A Viral T7 RNA Polymerase Ratcheting Along DNA With Fidelity Control.
- Author(s): Long, Chunhong
- E, Chao
- Da, Lin-Tai
- Yu, Jin
- et al.
Published Web Locationhttps://doi.org/10.1016/j.csbj.2019.05.001
RNA polymerase (RNAP) from bacteriophage T7 is a representative single-subunit viral RNAP that can transcribe with high promoter activities without assistances from transcription factors. We accordingly studied this small transcription machine computationally as a model system to understand underlying mechanisms of mechano-chemical coupling and fidelity control in the RNAP transcription elongation. Here we summarize our computational work from several recent publications to demonstrate first how T7 RNAP translocates via Brownian alike motions along DNA right after the catalytic product release.
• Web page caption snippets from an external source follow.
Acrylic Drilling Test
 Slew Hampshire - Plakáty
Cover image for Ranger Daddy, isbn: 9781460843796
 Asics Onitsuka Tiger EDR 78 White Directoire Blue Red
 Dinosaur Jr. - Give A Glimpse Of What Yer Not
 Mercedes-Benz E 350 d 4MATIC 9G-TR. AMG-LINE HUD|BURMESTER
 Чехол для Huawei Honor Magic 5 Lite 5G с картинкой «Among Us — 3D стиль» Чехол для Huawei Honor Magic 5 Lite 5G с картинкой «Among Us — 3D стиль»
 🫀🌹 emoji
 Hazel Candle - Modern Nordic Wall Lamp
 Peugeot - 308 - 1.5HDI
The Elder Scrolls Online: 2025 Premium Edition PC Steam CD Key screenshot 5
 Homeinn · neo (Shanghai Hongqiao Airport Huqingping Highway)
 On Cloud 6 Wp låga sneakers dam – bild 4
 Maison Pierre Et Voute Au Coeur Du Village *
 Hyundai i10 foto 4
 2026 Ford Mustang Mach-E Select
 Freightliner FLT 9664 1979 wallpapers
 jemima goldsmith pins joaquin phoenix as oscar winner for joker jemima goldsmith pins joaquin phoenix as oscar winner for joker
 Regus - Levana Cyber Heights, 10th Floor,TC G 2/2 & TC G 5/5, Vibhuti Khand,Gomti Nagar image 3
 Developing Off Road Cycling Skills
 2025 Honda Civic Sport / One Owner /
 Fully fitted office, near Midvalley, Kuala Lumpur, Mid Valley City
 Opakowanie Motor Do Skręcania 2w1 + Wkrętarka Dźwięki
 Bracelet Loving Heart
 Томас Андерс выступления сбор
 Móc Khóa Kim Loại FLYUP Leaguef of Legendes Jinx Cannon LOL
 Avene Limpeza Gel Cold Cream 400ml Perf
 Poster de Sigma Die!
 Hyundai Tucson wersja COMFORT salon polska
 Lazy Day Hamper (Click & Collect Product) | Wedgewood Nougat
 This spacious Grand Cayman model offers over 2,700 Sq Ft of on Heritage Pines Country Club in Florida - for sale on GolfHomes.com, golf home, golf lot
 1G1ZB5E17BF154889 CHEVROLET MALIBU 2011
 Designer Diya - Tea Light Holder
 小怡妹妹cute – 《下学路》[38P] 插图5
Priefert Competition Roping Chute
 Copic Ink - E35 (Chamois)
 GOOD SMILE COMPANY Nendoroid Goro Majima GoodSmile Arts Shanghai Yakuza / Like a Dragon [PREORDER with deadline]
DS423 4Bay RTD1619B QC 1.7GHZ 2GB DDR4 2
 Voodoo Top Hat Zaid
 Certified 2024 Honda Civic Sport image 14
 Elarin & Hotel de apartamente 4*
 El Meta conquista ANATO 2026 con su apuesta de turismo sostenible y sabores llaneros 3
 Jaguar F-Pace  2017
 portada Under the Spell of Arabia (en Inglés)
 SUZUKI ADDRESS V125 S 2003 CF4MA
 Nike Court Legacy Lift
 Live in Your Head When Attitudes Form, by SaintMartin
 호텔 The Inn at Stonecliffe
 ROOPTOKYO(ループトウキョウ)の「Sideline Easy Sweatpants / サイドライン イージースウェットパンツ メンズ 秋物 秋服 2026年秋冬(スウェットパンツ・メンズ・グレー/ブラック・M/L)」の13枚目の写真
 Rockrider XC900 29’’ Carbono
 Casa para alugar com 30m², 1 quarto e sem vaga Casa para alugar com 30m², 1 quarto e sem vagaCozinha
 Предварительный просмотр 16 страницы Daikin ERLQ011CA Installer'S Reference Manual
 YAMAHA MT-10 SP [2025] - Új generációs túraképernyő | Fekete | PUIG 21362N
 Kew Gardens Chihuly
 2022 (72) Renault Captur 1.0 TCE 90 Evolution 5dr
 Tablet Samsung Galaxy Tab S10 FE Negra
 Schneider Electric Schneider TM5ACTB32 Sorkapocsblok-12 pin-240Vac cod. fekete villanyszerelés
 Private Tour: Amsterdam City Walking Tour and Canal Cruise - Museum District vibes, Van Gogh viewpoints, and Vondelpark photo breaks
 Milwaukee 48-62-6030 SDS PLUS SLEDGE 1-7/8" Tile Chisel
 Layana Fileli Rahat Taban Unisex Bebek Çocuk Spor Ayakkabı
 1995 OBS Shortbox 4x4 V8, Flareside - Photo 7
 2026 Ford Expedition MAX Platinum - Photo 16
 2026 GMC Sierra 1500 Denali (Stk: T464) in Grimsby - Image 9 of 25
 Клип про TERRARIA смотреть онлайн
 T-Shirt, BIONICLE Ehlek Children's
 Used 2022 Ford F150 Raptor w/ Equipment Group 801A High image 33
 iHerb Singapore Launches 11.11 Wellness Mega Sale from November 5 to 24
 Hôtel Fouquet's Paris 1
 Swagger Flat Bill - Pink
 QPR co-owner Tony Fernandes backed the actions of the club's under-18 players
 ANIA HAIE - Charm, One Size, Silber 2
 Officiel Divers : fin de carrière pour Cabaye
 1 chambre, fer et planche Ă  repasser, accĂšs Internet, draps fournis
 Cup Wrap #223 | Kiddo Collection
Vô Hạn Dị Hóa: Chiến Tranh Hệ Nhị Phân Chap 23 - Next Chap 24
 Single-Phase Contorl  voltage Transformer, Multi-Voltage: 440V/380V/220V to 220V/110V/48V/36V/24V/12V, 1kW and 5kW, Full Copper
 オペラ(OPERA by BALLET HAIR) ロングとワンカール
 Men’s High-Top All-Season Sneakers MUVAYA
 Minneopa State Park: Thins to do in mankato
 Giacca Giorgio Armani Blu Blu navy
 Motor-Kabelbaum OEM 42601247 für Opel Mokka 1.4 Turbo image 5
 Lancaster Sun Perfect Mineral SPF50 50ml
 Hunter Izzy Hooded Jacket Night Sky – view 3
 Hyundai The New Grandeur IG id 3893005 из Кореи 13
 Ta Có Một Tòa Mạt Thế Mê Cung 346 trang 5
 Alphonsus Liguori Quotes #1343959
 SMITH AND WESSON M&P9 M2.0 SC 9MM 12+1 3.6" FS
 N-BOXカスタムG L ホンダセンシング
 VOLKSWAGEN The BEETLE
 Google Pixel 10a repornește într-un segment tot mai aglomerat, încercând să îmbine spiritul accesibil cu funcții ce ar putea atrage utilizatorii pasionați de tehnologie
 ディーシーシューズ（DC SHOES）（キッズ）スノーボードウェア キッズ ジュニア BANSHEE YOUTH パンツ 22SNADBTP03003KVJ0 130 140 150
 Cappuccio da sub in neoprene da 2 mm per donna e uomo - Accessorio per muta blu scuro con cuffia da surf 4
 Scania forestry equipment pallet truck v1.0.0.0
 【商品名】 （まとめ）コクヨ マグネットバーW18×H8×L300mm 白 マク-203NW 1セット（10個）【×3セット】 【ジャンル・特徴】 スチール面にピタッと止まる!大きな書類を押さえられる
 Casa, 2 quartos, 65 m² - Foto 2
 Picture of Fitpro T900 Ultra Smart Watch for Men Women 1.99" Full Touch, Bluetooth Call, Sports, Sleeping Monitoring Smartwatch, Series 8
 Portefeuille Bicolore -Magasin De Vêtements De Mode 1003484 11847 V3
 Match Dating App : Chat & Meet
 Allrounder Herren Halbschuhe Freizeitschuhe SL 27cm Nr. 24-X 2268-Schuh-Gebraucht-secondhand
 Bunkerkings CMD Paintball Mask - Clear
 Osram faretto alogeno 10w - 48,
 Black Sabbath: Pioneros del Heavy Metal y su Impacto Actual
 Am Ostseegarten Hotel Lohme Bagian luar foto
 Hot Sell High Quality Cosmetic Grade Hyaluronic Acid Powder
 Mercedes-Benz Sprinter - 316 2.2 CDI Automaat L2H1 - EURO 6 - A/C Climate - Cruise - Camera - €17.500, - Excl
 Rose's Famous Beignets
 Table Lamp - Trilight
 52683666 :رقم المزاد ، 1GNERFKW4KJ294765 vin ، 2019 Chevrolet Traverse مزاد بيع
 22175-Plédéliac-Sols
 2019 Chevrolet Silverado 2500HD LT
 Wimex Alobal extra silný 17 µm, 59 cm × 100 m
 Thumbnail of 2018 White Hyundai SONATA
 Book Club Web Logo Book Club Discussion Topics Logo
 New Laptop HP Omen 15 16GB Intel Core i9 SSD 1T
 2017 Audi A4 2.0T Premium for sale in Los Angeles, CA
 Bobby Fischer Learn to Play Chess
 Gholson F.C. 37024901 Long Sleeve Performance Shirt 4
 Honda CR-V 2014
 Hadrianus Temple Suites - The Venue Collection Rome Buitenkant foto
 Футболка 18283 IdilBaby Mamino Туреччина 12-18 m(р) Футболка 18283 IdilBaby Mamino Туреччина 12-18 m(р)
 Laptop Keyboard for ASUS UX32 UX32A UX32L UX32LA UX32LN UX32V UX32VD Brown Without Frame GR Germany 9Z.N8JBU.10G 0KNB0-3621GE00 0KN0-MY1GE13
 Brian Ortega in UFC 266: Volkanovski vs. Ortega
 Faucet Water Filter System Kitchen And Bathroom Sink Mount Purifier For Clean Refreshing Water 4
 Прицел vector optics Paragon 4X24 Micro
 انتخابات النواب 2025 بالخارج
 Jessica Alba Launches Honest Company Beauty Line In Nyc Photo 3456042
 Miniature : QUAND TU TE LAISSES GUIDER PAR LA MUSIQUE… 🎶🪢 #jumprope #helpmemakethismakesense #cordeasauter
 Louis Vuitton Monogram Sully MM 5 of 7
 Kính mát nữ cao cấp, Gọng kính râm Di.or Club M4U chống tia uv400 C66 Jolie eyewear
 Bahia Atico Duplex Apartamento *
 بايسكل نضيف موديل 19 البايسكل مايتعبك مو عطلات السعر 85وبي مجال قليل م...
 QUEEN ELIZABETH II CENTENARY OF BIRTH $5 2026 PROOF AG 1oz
Then we show how the backward translocation motions are prevented at post-translocation upon successful nucleotide incorporation, which is also subject to stepwise nucleotide selection and acts as a pawl for "selective ratcheting". The structural dynamics and energetics features revealed from our atomistic molecular dynamics (MD) simulations and related analyses on the single-subunit T7 RNAP thus provided detailed and quantitative characterizations on the Brownian-ratchet working scenario of a prototypical transcription machine with sophisticated nucleotide selectivity for fidelity control. The presented mechanisms can be more or less general for structurally similar viral or mitochondrial RNAPs and some of DNA polymerases, or even for the RNAP engine of the more complicated transcription machinery in higher organisms.